* Problem description:
Further down are entries; set down exactly and only the lines from the one with "Linn View Home Stay Munnar Værelse billede" up to and including the one with "Photo of 171", dropping each picture.

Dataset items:
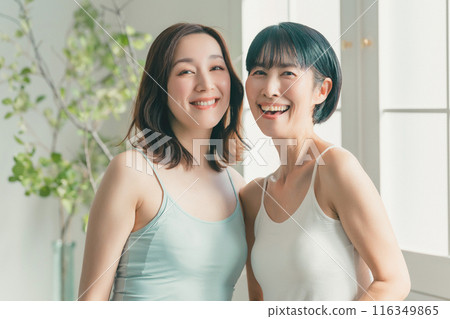 female, females, lady 116349865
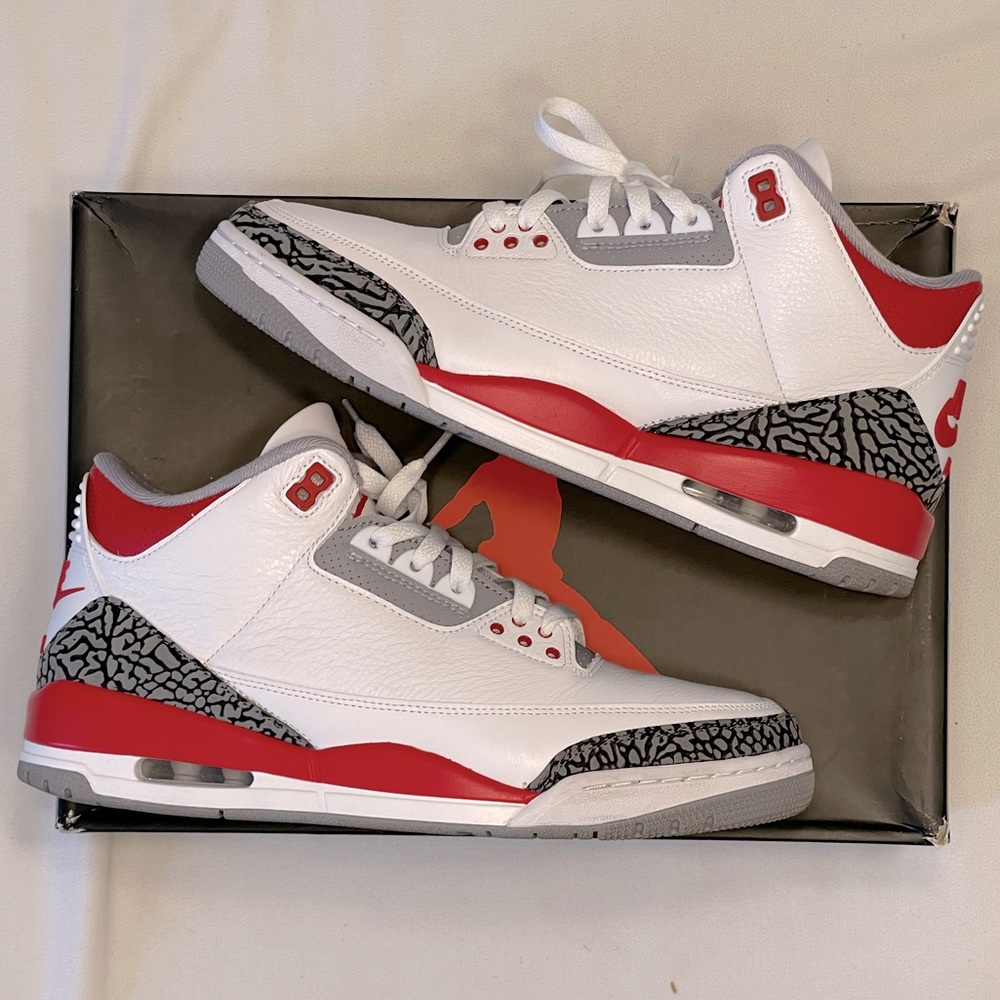 NIKE Air Jordan 3 Retro Men’s Size 11 White/Fire Red-Black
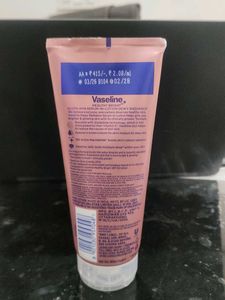 Vaseline Gluta-Hya Dewy Radiance Lotion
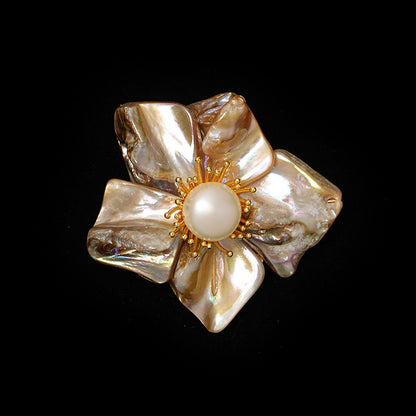 Dapaza Shaped Baroque Shell Natural Freshwater Pearl Five Leaf Flower Brooch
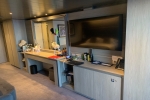 Yacht-Club-Deluxe Cabin Picture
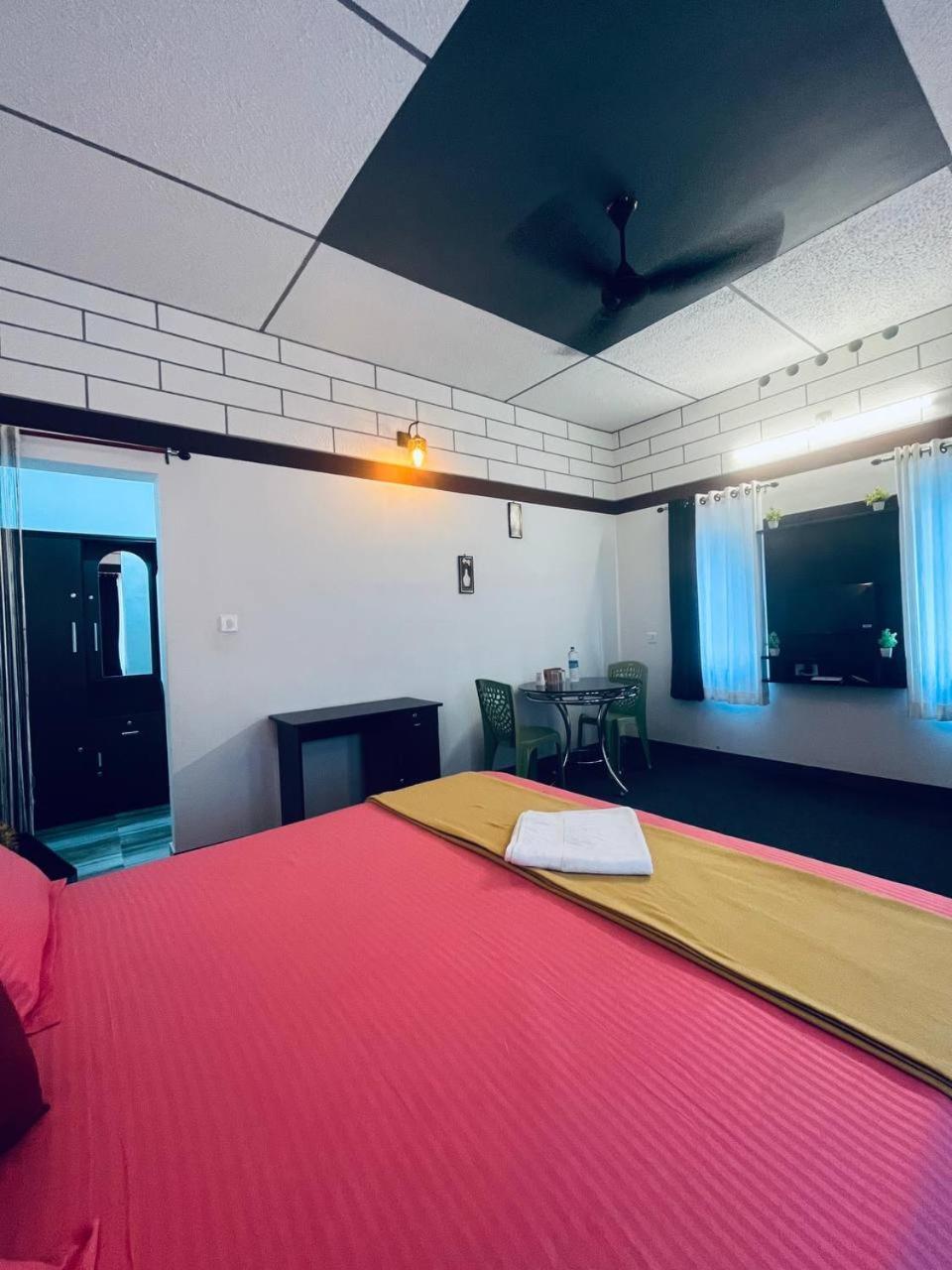 Linn View Home Stay Munnar Værelse billede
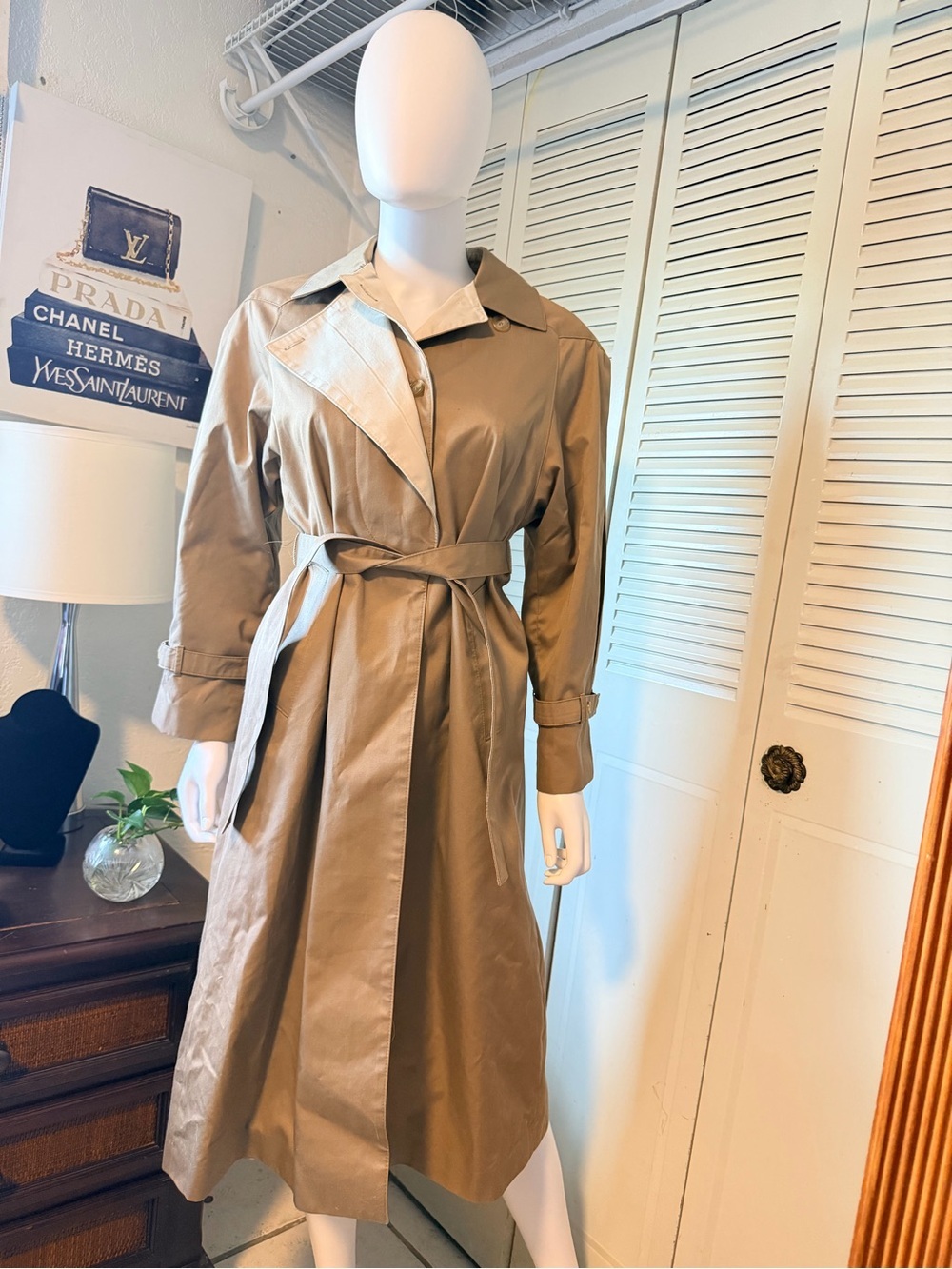 Vintage ICI Tan Trench Coat – Women’s Size 8 – Made in Poland, Classic Style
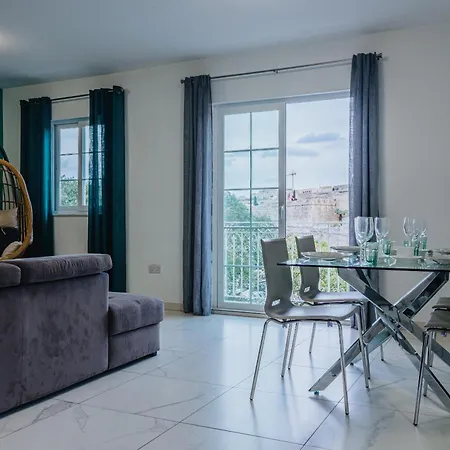 Marina View - Beautiful Seafront 2 Bedroom Close To Valletta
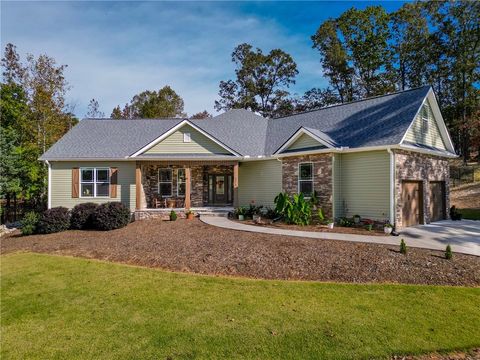 Photo of 171 South Oak Pointe Drive, Seneca, SC 29678 (MLS # 20295643)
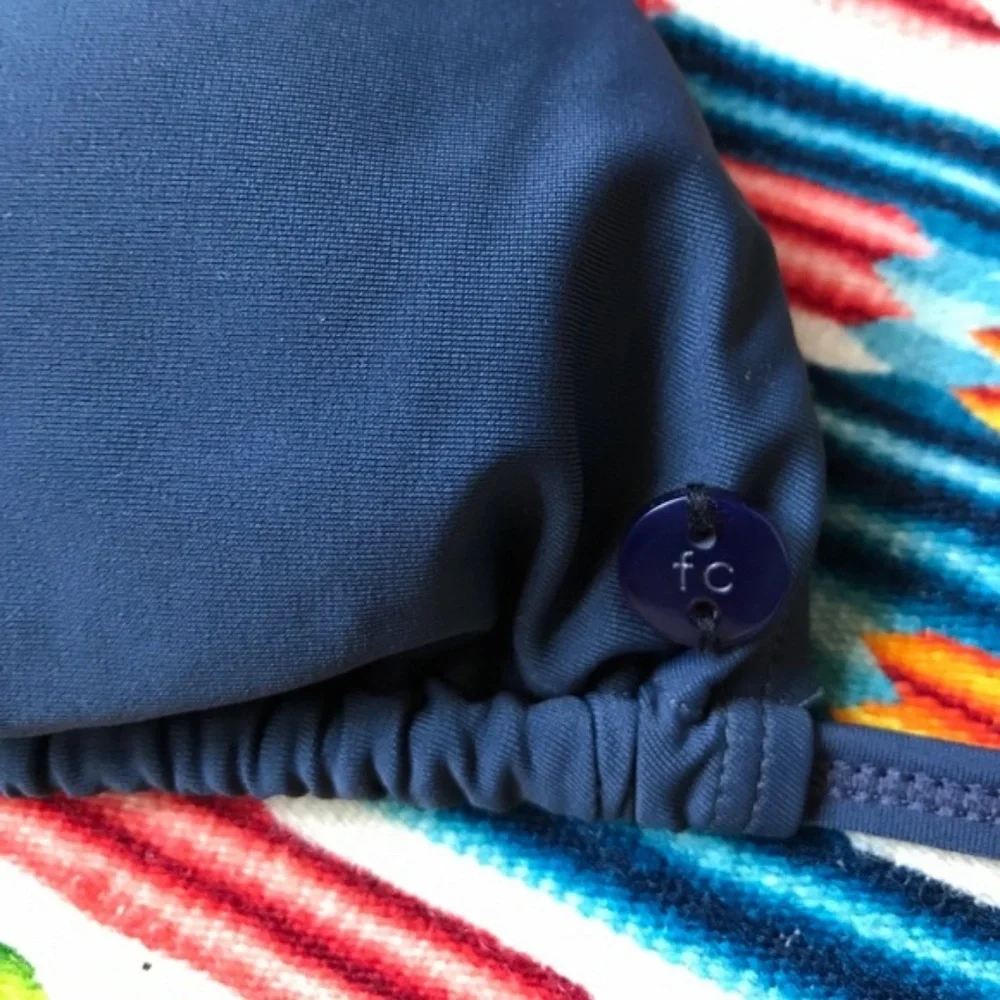 FCUK French Connection Triangle String Bikini Top Hardware - Picture 5 of 7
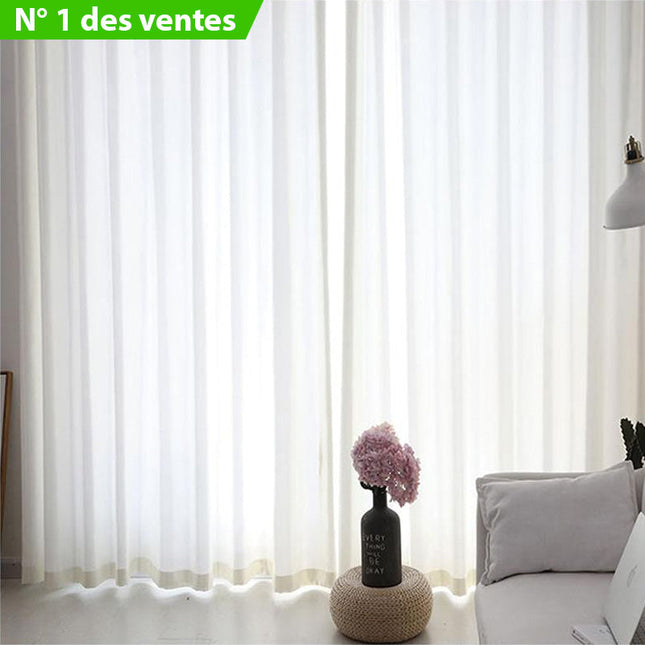 Elegantní bílá průsvitná záclona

* Task result:
 Linn View Home Stay Munnar Værelse billede
 Vintage ICI Tan Trench Coat – Women’s Size 8 – Made in Poland, Classic Style
 Marina View - Beautiful Seafront 2 Bedroom Close To Valletta
 Photo of 171 South Oak Pointe Drive, Seneca, SC 29678 (MLS # 20295643)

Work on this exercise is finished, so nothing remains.